Dataset records
--------------------

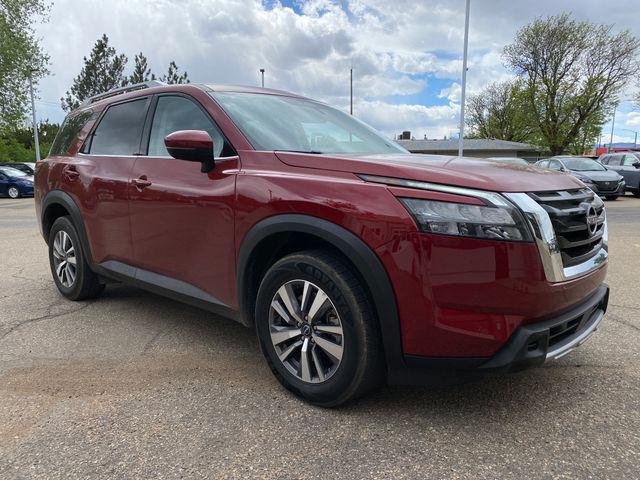 2025 Nissan Pathfinder SL 4WD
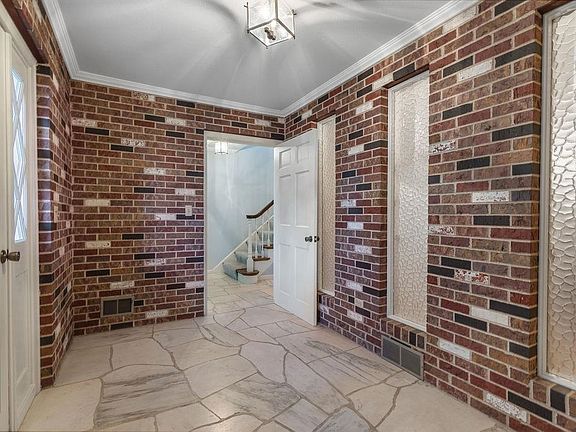 5th image of 806 Maple St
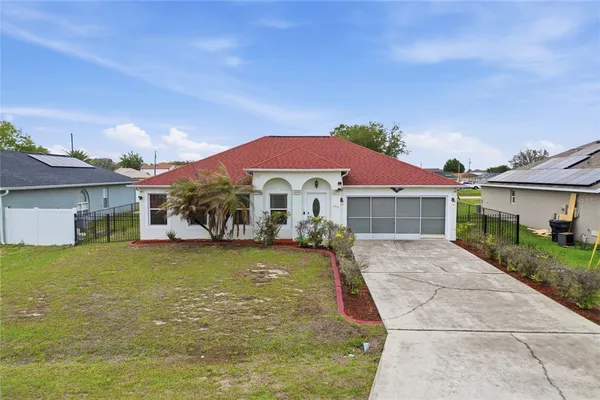 $325,000 | 1912 Lakeview Place, Kissimmee, FL 34759
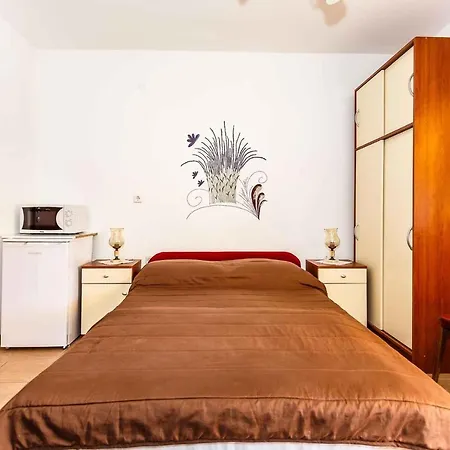 In - Insel Krk 13213 Apartman *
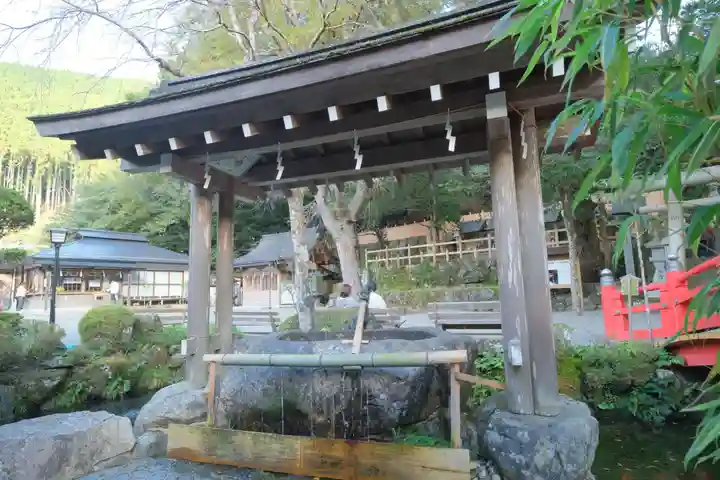 天河大辨財天社の手水舎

--------------------

> **WORK TO COMPLETE**
Copy each line of the records above exactly as written. Do not carry over any picture.

> **SOLUTION BELOW**
 2025 Nissan Pathfinder SL 4WD
 5th image of 806 Maple St
 $325,000 | 1912 Lakeview Place, Kissimmee, FL 34759
 In - Insel Krk 13213 Apartman *
 天河大辨財天社の手水舎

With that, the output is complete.